相关内容:Flink 1.13 源码解析 目录汇总
最近公司想通过JDBC的方式使用flink sql gateway,Flink官方提供了HiveServer2的flink-sql-gateway使用方式,但是Flink官方这里使用的是HiveCatalog,是在代码里写死的不可配置的,由于业务上没有使用Hive的需求,考虑到想以最轻量化的方式使用该sql-gateway,于是选择将源码中的HiveCatalog修改为公司自研的Catalog。
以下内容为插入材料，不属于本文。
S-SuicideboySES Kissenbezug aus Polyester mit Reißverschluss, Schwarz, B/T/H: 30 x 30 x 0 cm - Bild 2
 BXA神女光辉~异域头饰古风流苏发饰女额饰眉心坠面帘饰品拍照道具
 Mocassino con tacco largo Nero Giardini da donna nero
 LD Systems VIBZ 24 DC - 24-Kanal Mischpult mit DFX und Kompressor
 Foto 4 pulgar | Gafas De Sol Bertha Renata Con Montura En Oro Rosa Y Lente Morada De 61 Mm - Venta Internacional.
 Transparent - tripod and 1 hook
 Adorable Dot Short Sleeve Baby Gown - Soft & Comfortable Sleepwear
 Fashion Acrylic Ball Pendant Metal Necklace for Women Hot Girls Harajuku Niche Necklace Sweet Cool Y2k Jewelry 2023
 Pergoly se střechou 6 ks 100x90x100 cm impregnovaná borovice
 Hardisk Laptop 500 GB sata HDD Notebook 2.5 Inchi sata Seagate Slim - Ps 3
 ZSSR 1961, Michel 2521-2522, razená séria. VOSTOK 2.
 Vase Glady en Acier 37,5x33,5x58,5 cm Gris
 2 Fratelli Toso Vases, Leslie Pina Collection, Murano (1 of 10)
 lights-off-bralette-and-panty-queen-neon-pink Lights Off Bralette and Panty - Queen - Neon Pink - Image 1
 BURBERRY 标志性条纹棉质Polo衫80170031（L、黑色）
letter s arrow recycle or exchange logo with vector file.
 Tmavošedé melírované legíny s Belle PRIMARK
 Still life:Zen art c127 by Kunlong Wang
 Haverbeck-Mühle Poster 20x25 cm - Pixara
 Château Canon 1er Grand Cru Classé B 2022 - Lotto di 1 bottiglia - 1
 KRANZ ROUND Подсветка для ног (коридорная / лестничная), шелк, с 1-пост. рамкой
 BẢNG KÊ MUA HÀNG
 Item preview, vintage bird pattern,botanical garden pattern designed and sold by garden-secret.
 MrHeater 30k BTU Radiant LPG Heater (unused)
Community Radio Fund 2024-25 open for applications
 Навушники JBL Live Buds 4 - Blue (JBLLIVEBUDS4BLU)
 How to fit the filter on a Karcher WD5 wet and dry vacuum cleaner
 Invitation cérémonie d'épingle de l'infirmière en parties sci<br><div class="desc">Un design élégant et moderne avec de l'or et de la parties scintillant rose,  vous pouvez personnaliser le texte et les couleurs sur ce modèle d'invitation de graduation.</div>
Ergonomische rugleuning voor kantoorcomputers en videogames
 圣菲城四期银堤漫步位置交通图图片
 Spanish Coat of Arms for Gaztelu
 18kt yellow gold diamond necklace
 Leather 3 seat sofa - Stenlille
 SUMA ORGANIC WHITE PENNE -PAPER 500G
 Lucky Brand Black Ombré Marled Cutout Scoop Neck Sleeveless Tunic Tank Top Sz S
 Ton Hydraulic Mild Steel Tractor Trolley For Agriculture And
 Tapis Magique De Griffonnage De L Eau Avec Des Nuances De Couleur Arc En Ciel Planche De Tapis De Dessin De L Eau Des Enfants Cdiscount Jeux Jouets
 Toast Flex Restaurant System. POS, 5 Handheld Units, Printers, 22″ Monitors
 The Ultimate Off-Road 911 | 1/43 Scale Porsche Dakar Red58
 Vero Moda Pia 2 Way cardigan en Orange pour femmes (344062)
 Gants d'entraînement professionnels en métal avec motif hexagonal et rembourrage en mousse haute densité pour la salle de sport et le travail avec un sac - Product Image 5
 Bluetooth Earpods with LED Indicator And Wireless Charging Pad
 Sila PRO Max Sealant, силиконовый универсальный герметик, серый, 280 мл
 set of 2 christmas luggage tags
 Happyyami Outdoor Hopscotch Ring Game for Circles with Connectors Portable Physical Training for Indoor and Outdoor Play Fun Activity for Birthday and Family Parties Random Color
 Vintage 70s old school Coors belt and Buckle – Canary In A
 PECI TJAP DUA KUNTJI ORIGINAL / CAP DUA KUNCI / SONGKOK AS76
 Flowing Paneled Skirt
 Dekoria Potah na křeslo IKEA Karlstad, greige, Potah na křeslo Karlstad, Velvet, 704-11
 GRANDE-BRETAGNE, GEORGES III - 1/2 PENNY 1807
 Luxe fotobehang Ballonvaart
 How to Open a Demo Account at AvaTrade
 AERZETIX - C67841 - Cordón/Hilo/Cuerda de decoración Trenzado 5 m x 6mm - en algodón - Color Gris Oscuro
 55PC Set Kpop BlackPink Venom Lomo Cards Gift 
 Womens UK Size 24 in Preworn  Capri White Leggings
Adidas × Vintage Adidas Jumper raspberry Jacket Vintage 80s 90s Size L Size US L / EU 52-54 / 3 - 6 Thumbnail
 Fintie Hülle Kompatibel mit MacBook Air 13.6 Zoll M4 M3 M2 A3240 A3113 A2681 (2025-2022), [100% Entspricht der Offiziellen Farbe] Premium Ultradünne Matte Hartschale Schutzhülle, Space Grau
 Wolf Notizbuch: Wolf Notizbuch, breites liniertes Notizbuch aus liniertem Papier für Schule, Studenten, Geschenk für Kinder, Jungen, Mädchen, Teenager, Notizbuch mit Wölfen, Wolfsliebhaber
以下为在实现上述功能过程中对源码的分析。
本次使用的Flink版本为Flink 1.17.0
首先根据官方文档可知,flink-sql-gateway的启动方式为执行 ${FLINK_HOME}/bin/sql-gateway.sh 脚本,我们来看该脚本的主要内容:
该脚本主要做了两件事:
以下是核心内容源码:
################################################################################
# SQL gateway specific logic
################################################################################
ENTRYPOINT=sql-gateway
if [[ "$1" = *--help ]] || [[ "$1" = *-h ]]; then
usage
exit 0
fi
STARTSTOP=$1
if [ -z "$STARTSTOP" ]; then
STARTSTOP="start"
fi
if [[ $STARTSTOP != "start" ]] && [[ $STARTSTOP != "start-foreground" ]] && [[ $STARTSTOP != "stop" ]] && [[ $STARTSTOP != "stop-all" ]]; then
usage
exit 1
fi
# ./sql-gateway.sh start --help, print the message to the console
if [[ "$STARTSTOP" = start* ]] && ( [[ "$*" = *--help* ]] || [[ "$*" = *-h* ]] ); then
FLINK_TM_CLASSPATH=`constructFlinkClassPath`
SQL_GATEWAY_CLASSPATH=`findSqlGatewayJar`
"$JAVA_RUN" -classpath "`manglePathList "$FLINK_TM_CLASSPATH:$SQL_GATEWAY_CLASSPATH:$INTERNAL_HADOOP_CLASSPATHS"`" org.apache.flink.table.gateway.SqlGateway "${@:2}"
exit 0
fi
if [[ $STARTSTOP == "start-foreground" ]]; then
exec "${FLINK_BIN_DIR}"/flink-console.sh $ENTRYPOINT "${@:2}"
else
"${FLINK_BIN_DIR}"/flink-daemon.sh $STARTSTOP $ENTRYPOINT "${@:2}"
fi
在上述源码中,可以看到运行Jar包指定的主类为:org.apache.flink.table.gateway.SqlGateway,我们直接去源码中寻找该类的main方法即可找到SQL gateway的入口
我们进入org.apache.flink.table.gateway.SqlGateway的main()方法内:
static void startSqlGateway(PrintStream stream, String[] args) {
SqlGatewayOptions cliOptions = SqlGatewayOptionsParser.parseSqlGatewayOptions(args);
if (cliOptions.isPrintHelp()) {
SqlGatewayOptionsParser.printHelpSqlGateway(stream);
return;
}
// startup checks and logging
EnvironmentInformation.logEnvironmentInfo(LOG, "SqlGateway", args);
SignalHandler.register(LOG);
JvmShutdownSafeguard.installAsShutdownHook(LOG);
// 加载配置
DefaultContext defaultContext =
DefaultContext.load(
ConfigurationUtils.createConfiguration(cliOptions.getDynamicConfigs()),
Collections.emptyList(),
true,
true);
// 初始化SQL gateway
SqlGateway gateway =
new SqlGateway(
defaultContext.getFlinkConfig(), SessionManager.create(defaultContext));
try {
Runtime.getRuntime().addShutdownHook(new ShutdownThread(gateway));
// 启动
gateway.start();
gateway.waitUntilStop();
} catch (Throwable t) {
// User uses ctrl + c to cancel the Gateway manually
if (t instanceof InterruptedException) {
LOG.info("Caught " + t.getClass().getSimpleName() + ". Shutting down.");
return;
}
// make space in terminal
stream.println();
stream.println();
if (t instanceof SqlGatewayException) {
// Exception that the gateway can not handle.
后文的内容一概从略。